Tesislerin tümünde Yangın Algılama Sistemi ve çoğunluğunun CCTV İzleme Sistemlerinin kurulum ve bakım hizmeti EEC tarafından yürütülüyor.
Otellerimizin inşaat sürecinde bulunmuyordum. Sistemi kuracak firmanın tercihini ben yapmadım. EEC partnerliği, yatırımcımızın seçimidir. Accor’un sektörüne liderlik edebilen firmalarla çalışmaya özenli bir düsturu vardır. Benim EEC ile birebir temasım yoktu. Eski iş deneyimlerimden dolayı sektörde önemli bir yeri olduğunu biliyordum.

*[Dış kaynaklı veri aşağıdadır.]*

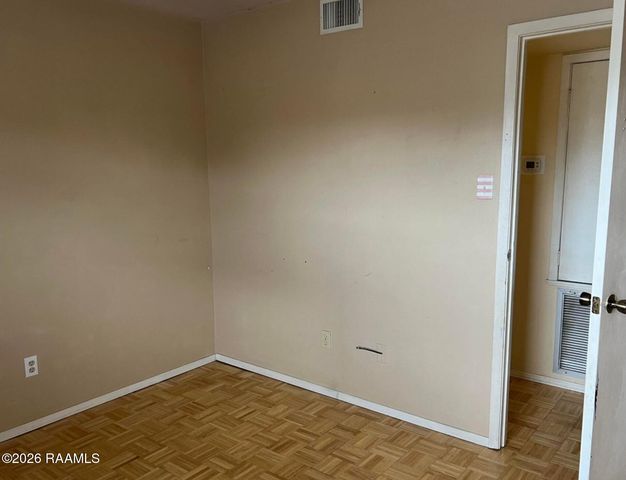 402 Thompson Drive, Lafayette, LA 70506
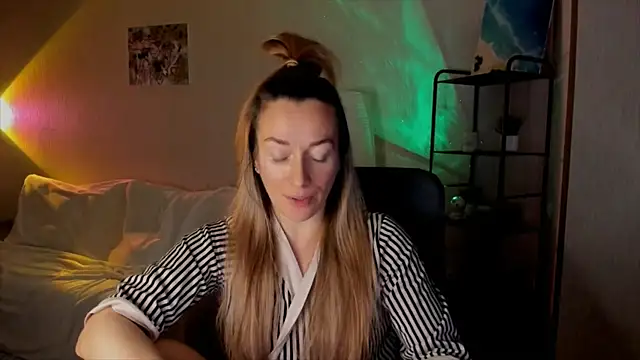 RebeccaMartinez's cam snapshot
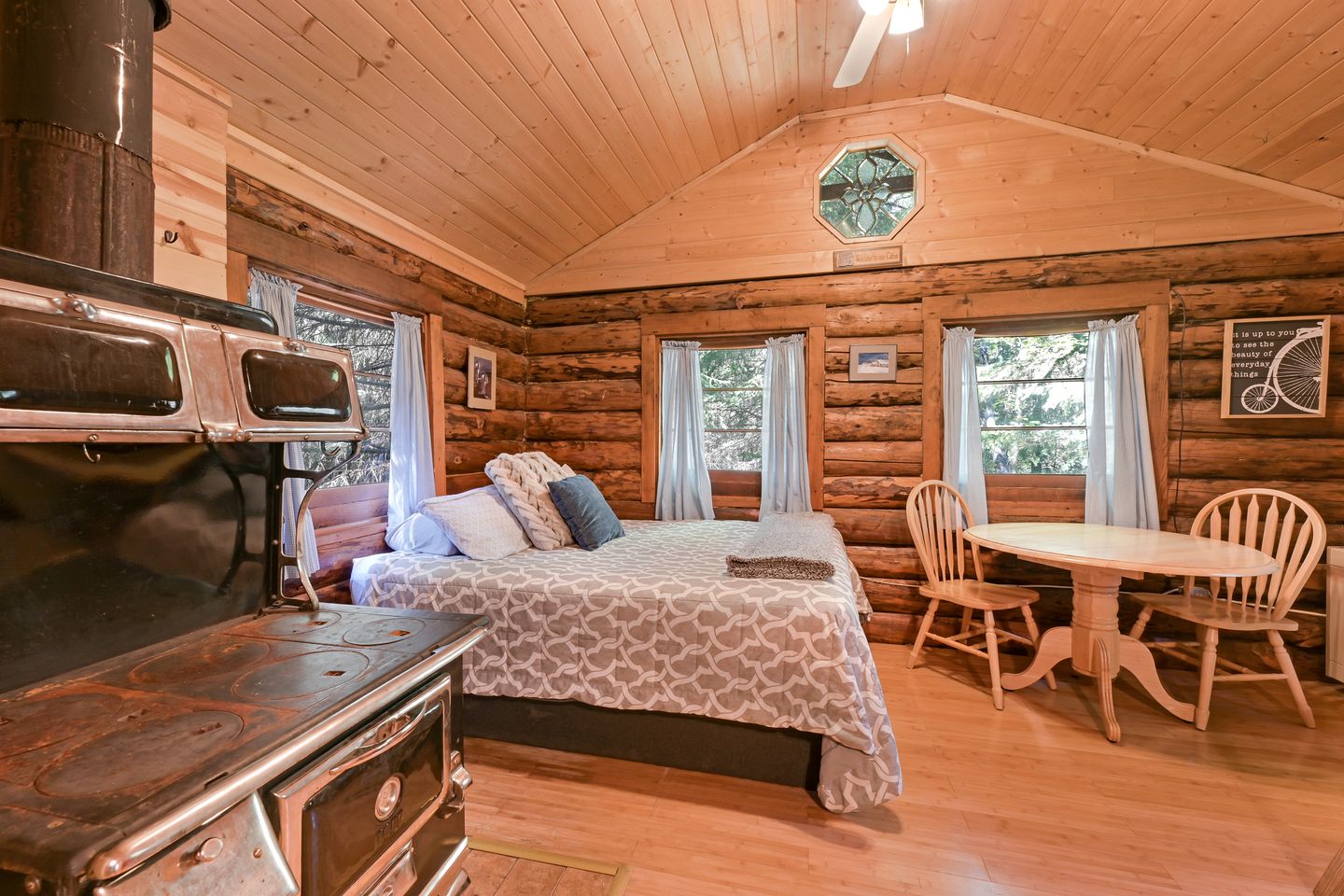 Rustic Off-Grid Cabin with Creekside Views & Sauna Access Near Bear Creek Pond, Hope Alaska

Firma adı fark etmez. Biz asıl aldığımız hizmete bakarız. Ufak problemlerimizde çözüm odaklı karşılık alabiliyor muyuz, sistemlerimiz sağlıklı çalışıyor mu bunları değerlendiriyoruz. Biz gerçekten bakım ve satış ekibinizin desteğini görebiliyoruz. Bugün bile Karaköy tesisimizde bir talebimiz olmuş. Normalde personel gün detayı sözleşmemizde farklı olsa da özel bir destekle çözüm sunmuşlar.

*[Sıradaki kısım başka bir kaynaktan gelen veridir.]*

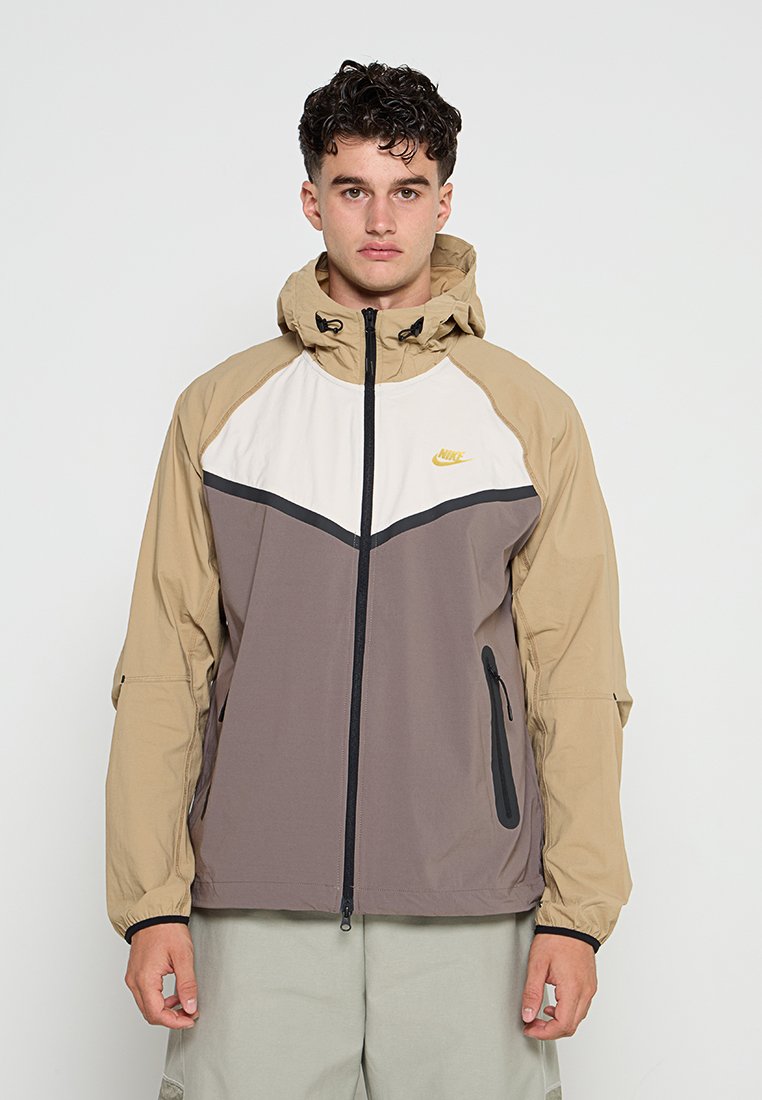 Nike Sportswear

İlk olarak yangın algılama sistemimizin paneli ve yazılımı avantaj yaratıyor. Ekibimizin rahat kullanımına uygun bir yapısı var. Panelin çok kurcalanması taraftarı değiliz ama bazen müdahale gerekiyor. O müdahaleyi ise ilk kullanıcı dediğimiz güvenlik arkadaşlarımız yapıyor. Güvenlik ekibinin, teknik ekibimiz kadar eğitimi ve bilgi birikimi olmadığını düşünürsek sistemin basit bir yapısı olması bize büyük avantaj sağlıyor.
Sistem, durumu ekranda detaylı gösterdiğinden teknik ekibe net bilgi aktarılmasını sağlıyor. Noktasal bilgi verdiği için alanı direkt bulabiliyoruz. Bu önemli. Neye yarar ki derseniz? Elbette hiç olmasın ama oldu da kötü bir olay yaşanırsa, yangının noktasını bilmek, gidip müdahale edebilmek, maddi zararları geçtim can kaybını önlemek adına çok çok önemli. Binada riskli noktalardaki insanlara müdahalemizi kolaylaştırıyor.

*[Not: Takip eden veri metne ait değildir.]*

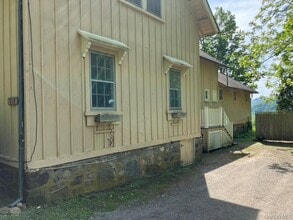 501-511 Lane Gate Rd in Cold Spring, NY - Foto de edificio - Building Photo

İkincisi en ufak riskli durumu dahi algılayıp anında uyarı vermesi güzel. Bunu sağlayamayan sistemler de gördük. EEC’nin algılama sisteminden kaçmıyor. Sistem yeni kurulmuş ama hakikaten hızlı uyumlanıyor. Cihazlarda bir sıkıntı olsa onarımı çok kolay oluyor. Son olarak söylemem gereken pahalılar.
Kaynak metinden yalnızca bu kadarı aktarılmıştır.